As for the other classes, they got added in to try to emulate characters from legends, myths and fiction. And again their roles tended to be more about flavor than fiction.
The paladin is the archetypical knight in shining armor, especially Arthur and his knights. The concept never really changed much. Unfortunately, paladin was the first serious hit to fighter, and very early in the game's history too being basically fighter+. But paladin was reigned in with very strict alignment and ability requirements.
Thief was probably inspired by characters like the Grey Mouser and other roguish fantasy characters.
The monk was inspired by a contemporary pop cultural interest in Eastern martial arts. Unfortunately, the class had a lot of abilities that didn't mesh well together.

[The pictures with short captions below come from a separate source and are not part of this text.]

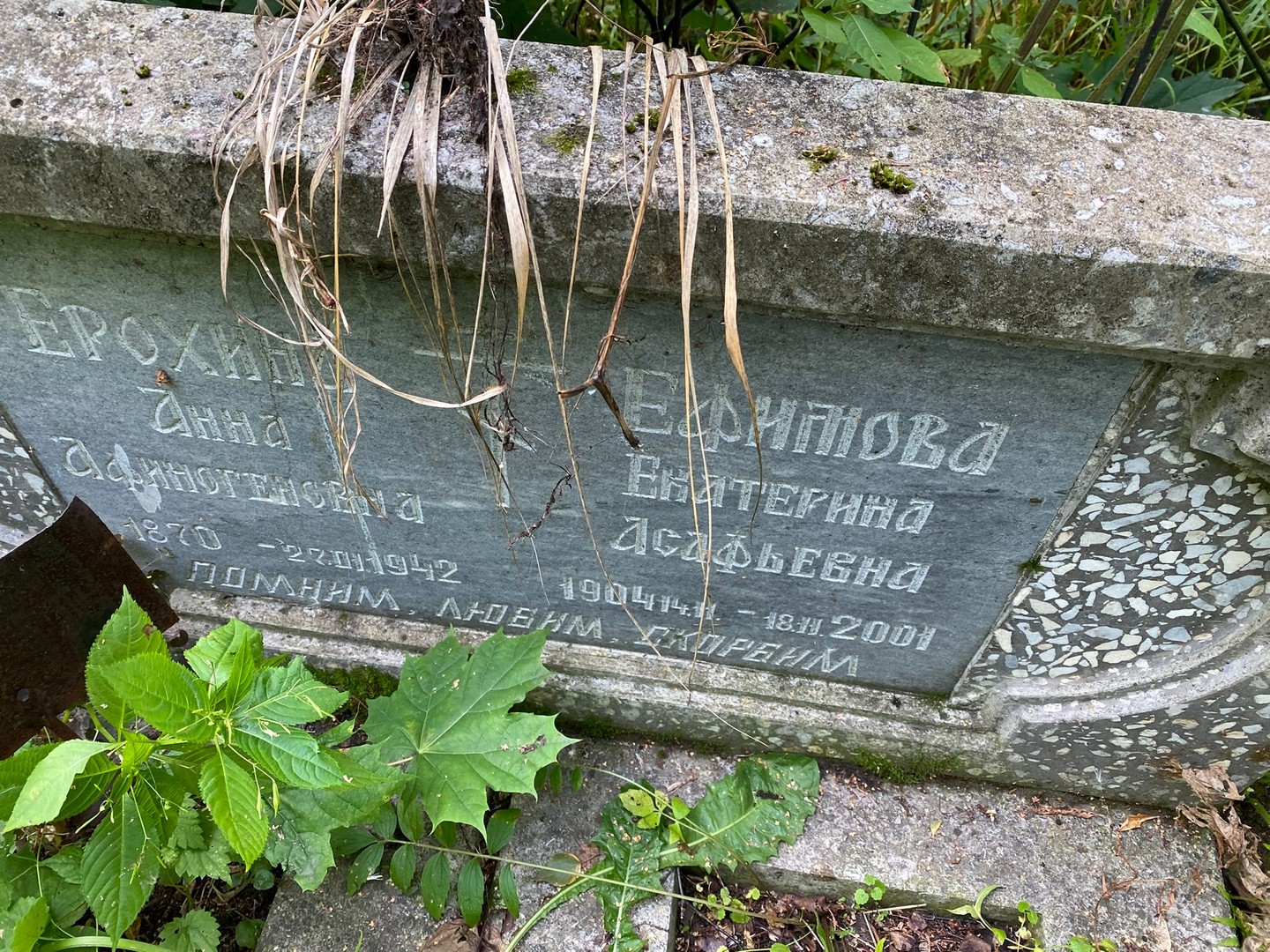 Ерохина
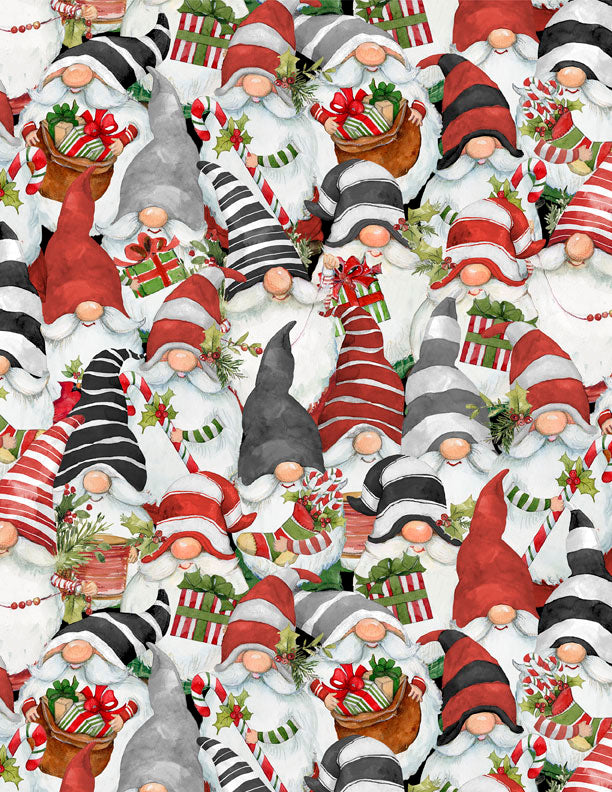 Merry Gnome-ments - Packed Gnomes in Multi - 3023 39891 139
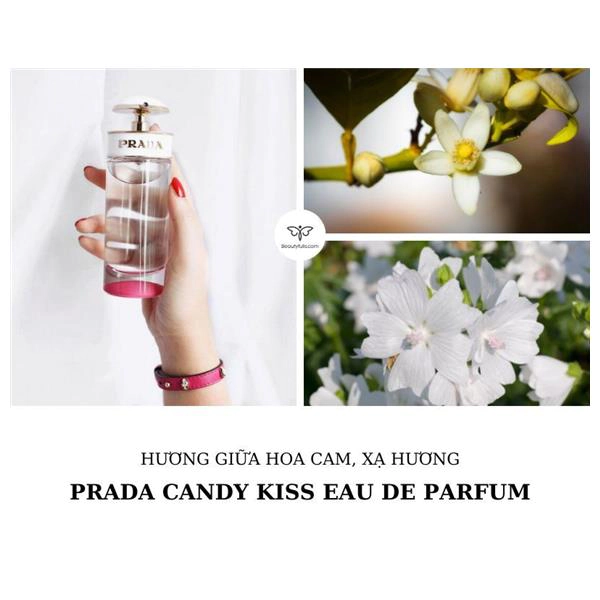 prada candy kiss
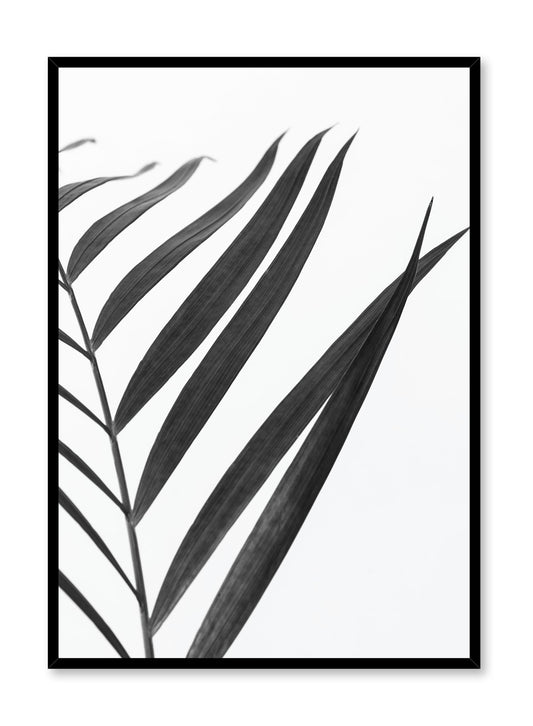Minimalist Black and White Palm Photography Poster by Opposite Wall
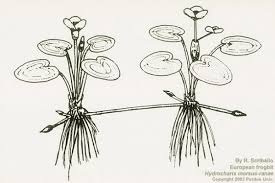 Attēlu rezultāti vaicājumam “Hydrocharis morsus-ranae fruit”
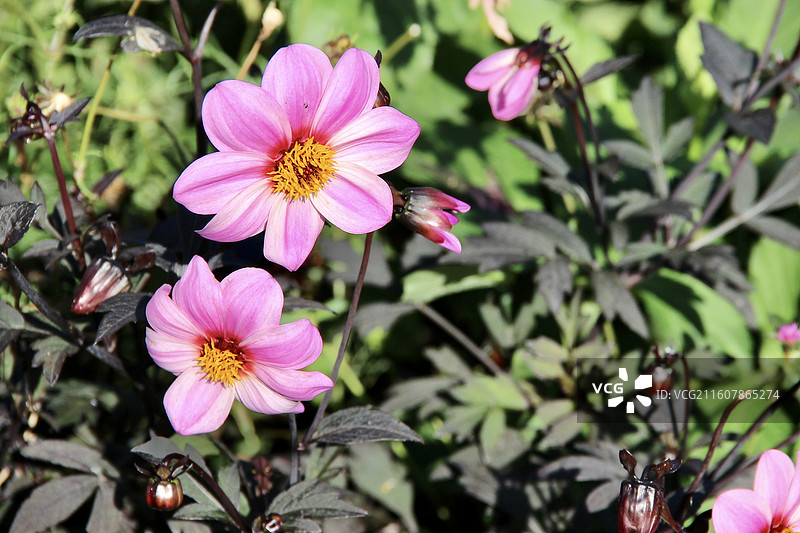 俄罗斯莫斯科高尔基公园粉红色大丽花图片素材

The druid I think was the result of alignment restrictions on the original cleric. The cleric started out being a vaguely Christian warrior priest and was restricted to Lawful alignment. There were evil anti-clerics that basically served Chaos and worshipped demons. I think the druid started out as a neutral alternative to the cleric, serving the role as a sort of virtuous pagan. As clerics development and expanded to the nine alignments, druids stayed neutral and became a general nature priest.
The ranger basically stated out as an Aragorn clone.

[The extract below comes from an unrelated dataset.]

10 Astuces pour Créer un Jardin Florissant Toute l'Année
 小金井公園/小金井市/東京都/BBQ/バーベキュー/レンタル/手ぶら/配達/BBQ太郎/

These were all the classes that entered into 1e and then eventually made their way into 3e through 2e. The monk was the exception, 2e dumped them because it was felt they were out of place in a typical Eurocentric campaign which was the core standard pushed by 2e. Monk concepts were explored through several variants during the edition though.
As for the remaining classes:
The bard was built upon 2e's bard. The original bard was a messy proto prestige class in many ways and had a lot of inspiration from historical Celtic bards, but 2e turned it into a full class and made it into an archetypical magical minstrel.

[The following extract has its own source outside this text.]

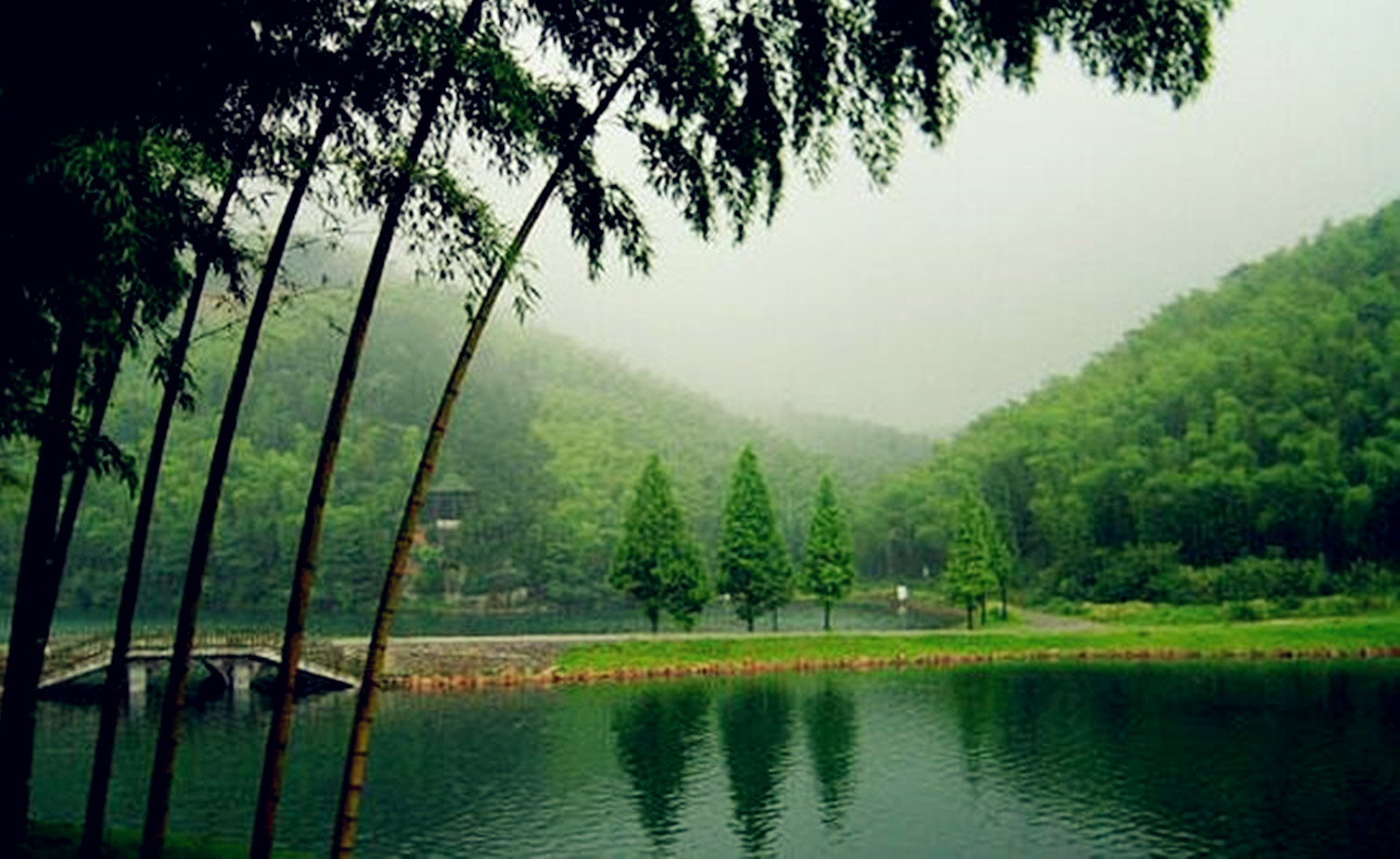 游宜兴竹海，道诗意情怀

Barbarians first appeared in UA, but the 3e barbarian was an amalgam of several different berserker concepts that were in 2e.
Sorcerers were the first unique class in 3e, and their intent was as an easier to play alternative to the wizard.
I’m sorry, but I don’t agree. Nine swords was NOT a good solution, falling into the trap of making everyone a Wizard. Simply removing the glass ceiling from martials and giving them better, but not necessarily Wuxia options was what people like me wanted, and the designers failed to produce that. There was a d20 RPG that did this, but unfortunarely, I’m drawing a blank on the name (I have it in storage, one of its features was momentum - I want to say it was named something like “Iron Age”)
I have to agree. I've only really skimmed over Nine Swords but the big problem with that book was that it didn't do its job. That job was to fix known problems with existing martial classes and instead the bbok just added more martial classes that use a quasi-magic system. That was absolutely not what the game needed. The base mechanics in core that were the root of LWQW were bad enough, but then the game compounded things by adding hybrid base classes that made the traditional martials obsolete. Nor did it help that 3.5 just loved adding more and more complex magic systems onto a rule set that didn't need more magic options and which had jettisoned a lot of the limits that had kept casters in check.